The gender makeup of St. Thomas University’s senior administration is unique and unusual.
Less than one fifth of presidents in universities across Canada are female. Dawn Russell, president and vice-chancellor of St. Thomas, is part of this low minority. Even more unusual, however, is the fact that the three vice-presidents she works alongside are all female as well.
“It probably is unique,” said Dawn Russell, “but we don’t think of ourselves that way because we think of ourselves as people who have worked, showed interest in leadership positions and attained them.”
According to them, this makes little difference when it comes to their work.
“In terms of our team, I think in the end, we bring our strengths to the table, and gender doesn’t have anything to do with it,” said Lily Fraser, VP of finance and administration. “I think we bring a certain perspective because of the nature of our background or professional designation.”
This goes for the entire administration as well. The three associate VPs are all male – Jeffrey Carleton, Scott Duguay and Michael Dawson, as well as the dean of social sciences and humanities, Michael Boudreau. According to the female admin, the background of each individual is much more relevant to the work than gender is.
This doesn’t mean gender is a non-existent issue. While becoming increasingly common, finding women in roles of senior leadership is still rare in a university setting. Jodi Misheal, interim VP of advancement and alumni relations, says that it’s indicative of a trend happening across the country for the last 20 years.
“Female students are making up the majority,” said Misheal. “We have 76 per cent of our students at St. Thomas that are female. Even my own undergraduate university 30 years ago, it was 50-50, and now it’s more like 80-20.”
Though gender doesn’t necessarily play a role in the way the current administration operates, it does bring some personal advantages to members of the administration. Kim Fenwick, VP of academic and research, says there’s an inherent respect that comes from working with other women who have been through similar challenges and obstacles.
“We don’t have to work to demonstrate that women deserve the same level of respect that men do,” said Fenwick. “That is something that I think women in leadership positions face in institutions where they’re maybe the sole woman working with a team of men.”
Although Russell says there have been no issues within her team, these can sometimes arise over who people feel comfortable bringing forth ideas to.
“For example, sometimes a board member who hasn’t dealt frequently with women, may feel more comfortable selling an idea to a male member,” said Russell. “Instead of going to the president they might go to a male vice-president, because they feel more comfortable.”
Russell and her VPs agree behaviour like this usually isn’t intentional. The so-called “old boys’ club” filled by men in leadership roles can sometimes subconsciously create a divide.
Russell tries her best to watch out for and police this kind of behaviour.

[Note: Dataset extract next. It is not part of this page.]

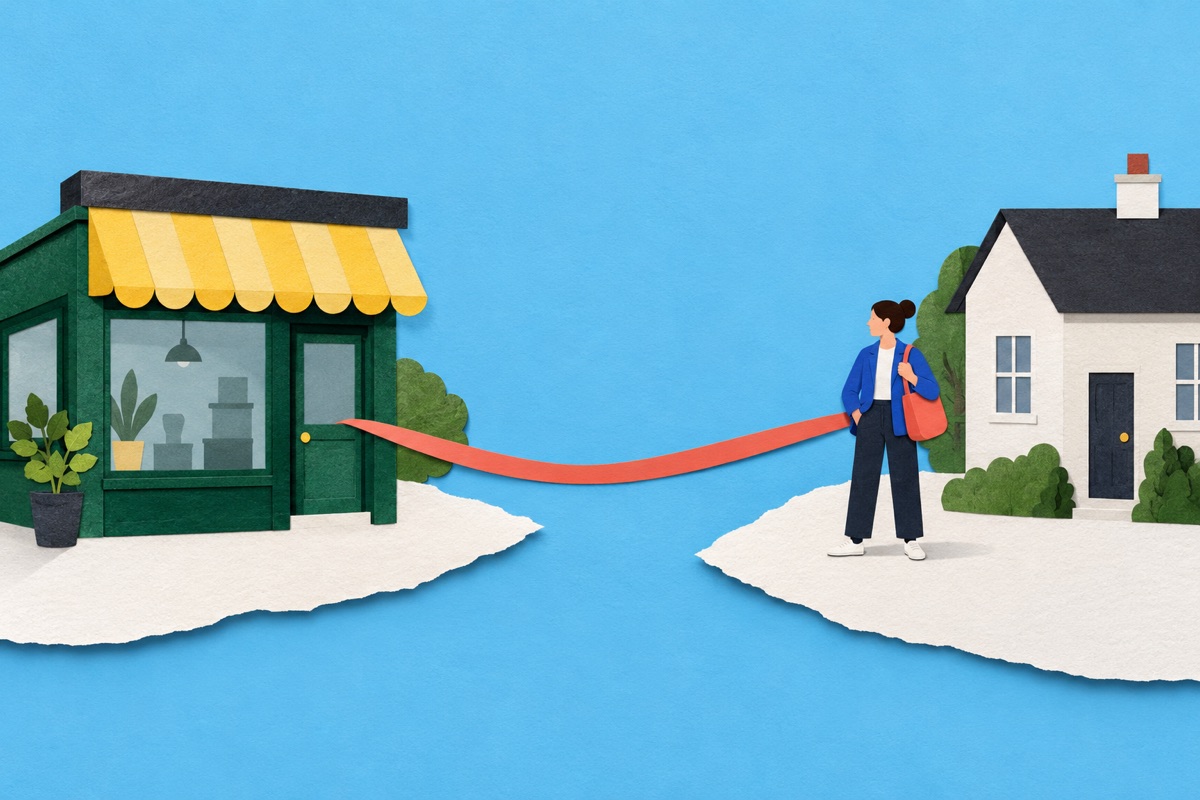 Cut-paper illustration of a green shop and a founder beside a separate house, connected by a coral ribbon representing a personal commitment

The old boys’ club can be blamed for a lot of subconscious behaviours or interactions that occur within academic environments. Fenwick was once part of a committee that looked into why women faculty were not applying to positions of academic leadership. At this point, the position of dean was open, and nobody would apply for it.
“Nobody wanted to be a dean,” said Fenwick. “And especially women did not feel that senior administration was a place where women felt comfortable, and that’s certainly changed.”
Fenwick herself was encouraged by many people to apply for the position. But she felt there was no place for her because of her gender. When she expressed this concern, she had men in the senior administration tell her this wasn’t the case, and women were treated equally.
“It’s a blind spot. They think they’re treating people equally with respect and that there’s no longer any kind of barrier based on gender, and yet there is. They just can’t see it because they’re on the side of the majority.”
There’s general agreement among the female administration there is still some work to be done in gender equality, but the progress that has been made is certainly notable and benefits the university in several ways.
Misheal says from an external perspective, charitable organizations and corporations that fund the university’s programs consider gender as an important topic when it comes to working with STU.
“One of the questions that’s always asked is to provide a list of our senior leadership and indicate how many women are in senior leadership positions and how many members of our board are women,” said Misheal. “They’re very much looking for evidence of that gender equality.”
While the gender makeup of the administration may not play a role in the way things are handled internally within the university, just the sight of females in leadership roles can inspire many others.
“I’d say in general the more women who are in female leadership roles, the more role models and the more career examples that people can see,” said VP of finance and administration Fraser.
This is something Fenwick thinks students notice and appreciate about STU, especially when compared to the inequity that can be present in other universities. The presence of women in senior leadership positions is something that Russell hopes can inspire female STU students.
“There’s no doubt that despite the progress that women have made, that there are still ongoing inequities,” said Russell. “In that sense, I hope that looking at our senior leadership team and knowing that everyone was appointed on the basis of merit and the best person available that it will give young women confidence in their future.”